THE MAN SKIRT STRIKES AGAIN
In my last column about the men’s fashion flex overtaking the red carpet, I mentioned Oscar Isaac turning up at a Moon Night premiere in a Thom Browne grey flannel blazer and matching pleated skirt (the actor also wore a Browne trompe l’oeil tuxedo with matching black skirt at the Met Gala), as well as Brad Pitt’s recently foray into the wilder shores of male style in his recent GQ cover layout (ha, maybe magazines aren’t dead!).

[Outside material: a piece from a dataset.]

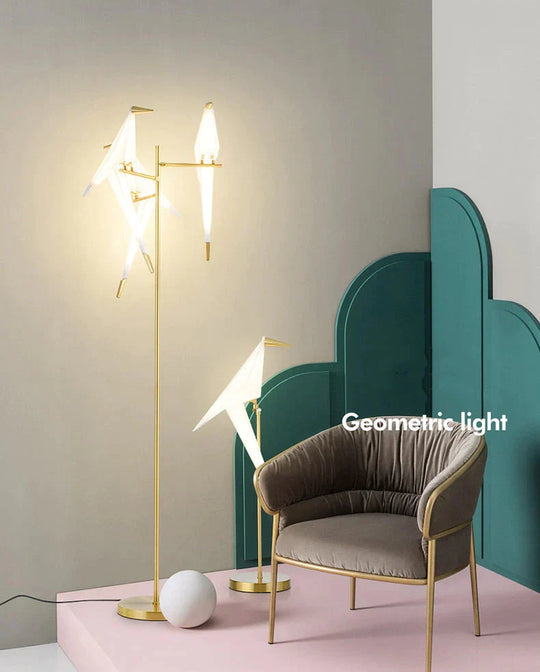 Nordic Bird Floor Lamp Creative Acrylic Thousand Paper Cranes Lamps For Living Room Bedroom Home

Well, Pitt raised the stakes with his Bullet Train European press tour when he wore a succession of unstructured linen looks that culminated in his stop in Berlin where he varied the jacket-shirt-pants formula by wearing a knee-length brown linen skirt instead (accessorized with combat boots, a rhinoceros tattoo on his shin and a gold David Yurman signet ring). I’m told his team reached out directly to little-known designer Haans Nicholas Mott for the succession of custom fits he featured. Queried about why he made that choice, the ever-chill Pitt explained simply, “The breeze, the breeze.”
U.N.: THE NEW RED CARPET?
I was a little surprised to get an email dispatch from the House of Dior that Prince Harry donned a suit by men’s designer Kim Jones when he addressed the United Nations General Assembly in New York this week on Nelson Mandela International Day this week: Prince Harry Duke of Sussex wore a Dior men’s collection navy wool peak lapel suit. These press releases are business-as-usual for award shows and other appearances by celebrities — especially if they are paid ambassadors for a fashion house — but clothing worn by royalty doesn’t usually get the same kind of attention.